Acceptance Before Meditating

The flip side of suspending judgment involves learning to accept things just the way they are. You don’t necessarily have to like what you see, and you’re welcome to change it — but first you need to experience it fully and clearly, without the overlays of judgment and denial. For example, you may have lots of anger bubbling up, but you may believe that this particular emotion is bad or even evil, so you refuse to acknowledge it. In meditation, you have an opportunity to observe the anger just as it is —recurrent angry thoughts, waves of anger in the belly — without trying to change or get rid of it. (For more on meditating with challenging emotions and mind-states, see Chapter 11.) The more you welcome the full range of your experiences in this way, the more space you create inside yourself to contain them — and the more you defuse those old familiar conflicts between different parts of yourself.

Suspending judgment

If you’re like most people, you’re constantly judging your experience as good, bad, or indifferent and reacting accordingly:
  • “Ooh, I like that. I’m going to try to get more of it.”
  • “I hate that. I’m going to avoid it at all costs.”
  • “That doesn’t do anything for me. I’m not going to pay any attention to it.”
When you meditate, you begin to notice the steady stream of judgments and how they dominate your mind and distort your experience. Instead of indulging this habitual pattern, you can practice witnessing your experience impartially, without judgment. When judgments arise, which they undoubtedly will, you can just be aware of them, while avoiding the temptation to judge them as well.
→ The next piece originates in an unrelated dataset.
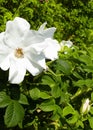 White wildrose flower at early spring Royalty Free Stock Photo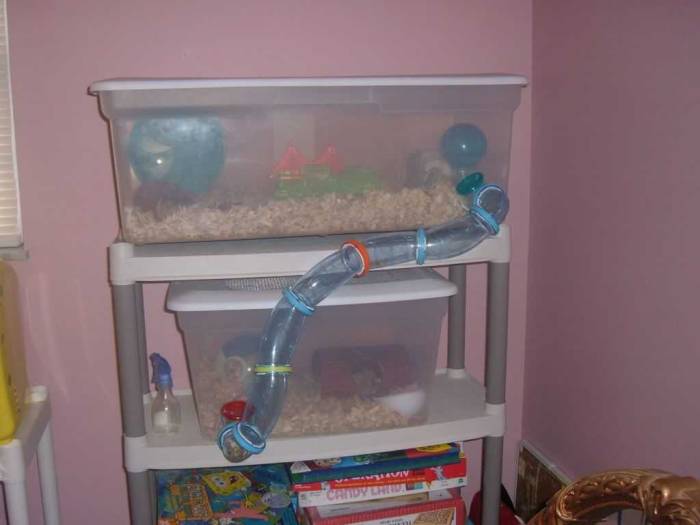 Игрушки для хомяков (34 фото): какие игрушки можно сделать своими руками в домашних условиях? требования к ним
Gradually, the habit of judging will loosen its grip on your mind.

Cat-and-mouse meditation

To learn how to meditate with effortless effort, combining just the right balance of alertness and relaxation, spend some time watching cats. Although they seem so settled and self-contained, cats are acutely aware of what’s going on around them. If they hear the chirp of a bird or see a mouse scurrying across the floor, they can leap up in a heartbeat and pursue their prey at full speed.
As soon as their prey has escaped, however, cats don’t appear to become attached to the memory of what might have been. Instead, they settle down once again and resume their meditation. You would never associate cats with making an effort — they’re simply being themselves wholeheartedly, engrossed in the present moment, open to whatever occurs. Apply this same quality of energy and earnestness to your meditation, and you’ll get the knack in no time.